After leaving Istanbul, it was a short (and by short I mean 12 hours shorter than the flight into Istanbul) flight to Astana, my prospective home for the next year. I have relatively few memories of that part of my trip, other than the terribly close seats, the decidedly inedible (for a vegan) in-flight meal, and the absolute difficulty of getting any real sleep. To this day, even, I’m not really sure what to make of that plane ride. Because of my lack of sleep, by this point, it seemed longer than the first two legs of my trip put together. I began to wonder if I’d got on the wrong flight after all, or if the pilot had decided to take an unexpected detour to, say, Vladivostok, or something. And then, suddenly and without warning, we were landing.
It was about three in the morning when my plan landed, to which I can ascribe some of the blame for the apparent lack of any civilization, but even at night one would expect to see city lights of some kind. We were landing in the capital city of the ninth largest country in the world. Instead, black. All around. Which is absolutely unbelievable because from the ground Astana positively glows. Paris has absolutely nothing on Astana when it comes to unnecessary and superfluous light. Each building, be it a hotel, monument, house of government, or even just an apartment building, shines with its own pattern, its own (often changing) colors, in short is an Eiffel town in and of itself.

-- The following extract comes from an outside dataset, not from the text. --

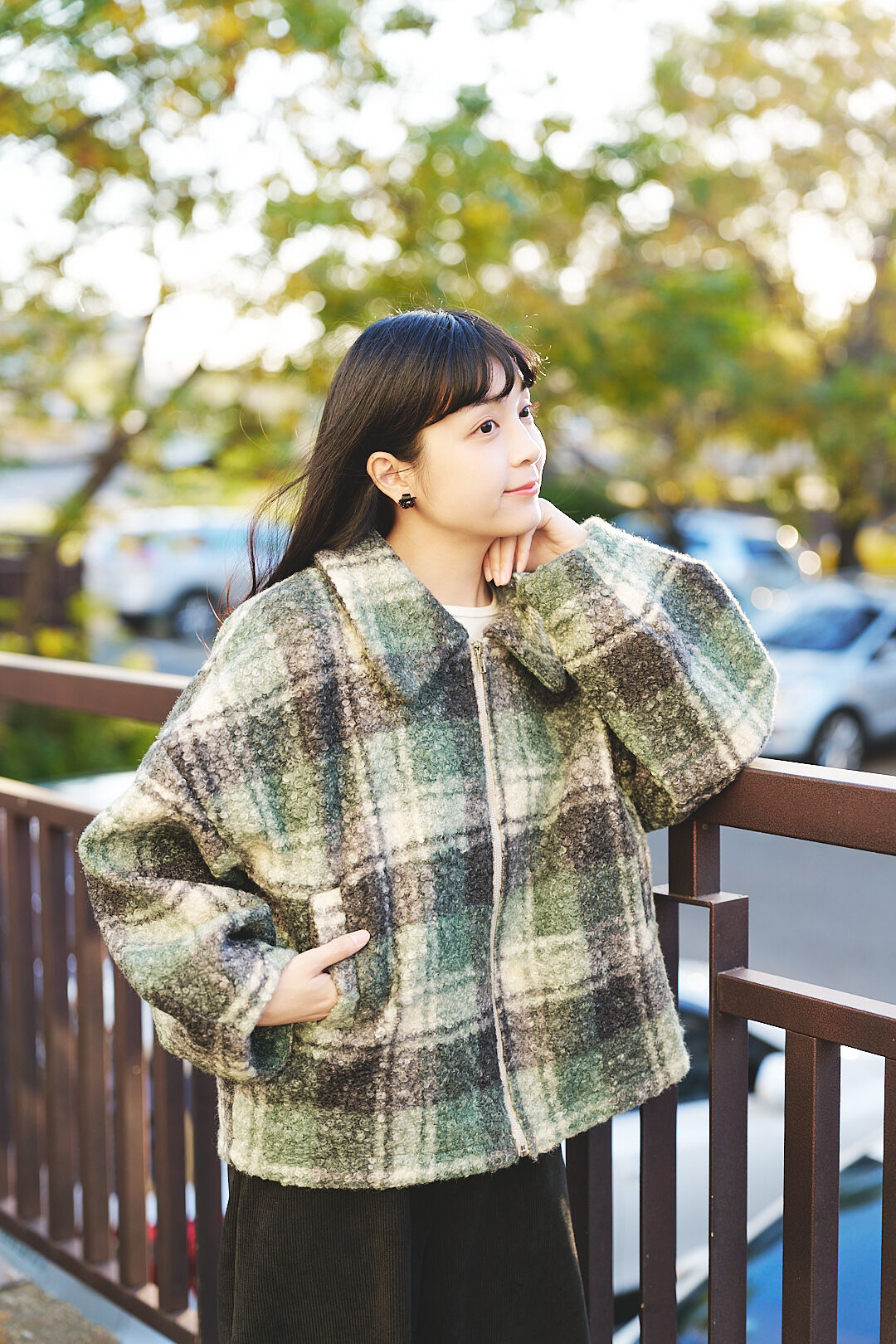 冬隅格映！絨毛拼色格紋外套(兩色-綠)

It took many weeks, to get used to this nightly light show. Did Christmas come early, I’d find my sense wondering. Is there some holiday or special celebration going on that I don’t know about? What do you suppose is the electricity bill these places run monthly? Day and night, this city is a riot of color. And for no other reason that simply to have it. Bayterek Tower, lit up in green and purple all night long, brings to mind those hippies in Independence Day, right before the alien ship opened up with the ray of death. Then there are those office buildings, so mundane by day, with their alternating patterns of white and colored lights that bring to mind the landing strips which certain overly-celebratory Christmas decorators build on their rooftops, as if they really do expect Santa to land there come Christmas Eve.
And all I could think, riding into the city on my first night/morning there under the Arc that reminds one disconcertingly of the Arc de Triomphe in Paris, watching the distant glow the city in which I’d spend the next twelve months slowly get closer, was, “Who’s going to pay that electric bill?”